Sometimes you can just head into something, do brilliantly at it and get the result you were hoping for (much easier when you’re playing to your strengths), but other times you might blunder forwards, wing it and not get the result you wanted. Whatever challenges or opportunities you’re facing you’ll stand a much better chance of getting a great result if you set things up to succeed ahead of time.

What might setting things up look like? Take a page from the amazing Holly Bushard and have a training vest or pouch ready to go – loaded with treats, a clicker, small props or material you might need to train. That way if you get home and have the energy you can grab your equipment and head right into a training session.

Setting things up might mean a routine to charge your phone or camera in order to record your sessions if you use them for that purpose. It could mean taking half an hour once a week and laying out a program. For each of us being prepared will look different but it truly will make things more bearable, and doable.

golden retriever lying on green grass
Be prepared

3. Spend Some Time Thinking/Processing.

Even when life is wildly busy you’ll find some time here and there when your mind might want to head to unhappy or dark places. Instead of using the commute to work to think about how tired you are, or waiting for the kids to get home from school to wish you could do more training, test using those small spaces to reflect and review. Set some goals, focus on successes. What exactly do you want to happen? What solution, outcome or result would be great? Get clear on the outcome you want to work on right now and how it would feel to achieve it. Then start breaking it down – slice it down, then slice it again – what can you do to achieve your desired outcome? What needs to be put in place? What will help to make what you want to happen, happen? And to ensure the best result, what are you willing to do?

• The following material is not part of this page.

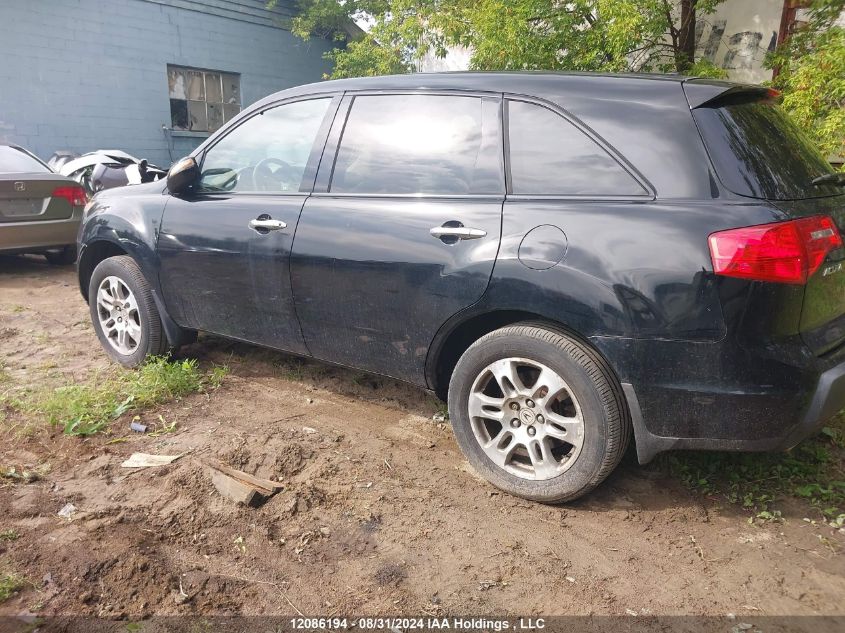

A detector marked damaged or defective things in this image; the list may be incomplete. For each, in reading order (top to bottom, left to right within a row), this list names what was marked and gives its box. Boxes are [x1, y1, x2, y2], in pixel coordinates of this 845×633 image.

These strategies sound simple, and in many ways they are. What they do though is allow us to see through the grind to success. They enable us to have little tiny wins when things are tough which bodes well for bigger victories when things ease up a little. As I told one of the youth I work with yesterday life is not fair, and life is not kind. Life is. If you are caught in one of the unfair, unkind bumps on the journey don’t get trapped by it. Take tiny steps forward through the muck.

You got this.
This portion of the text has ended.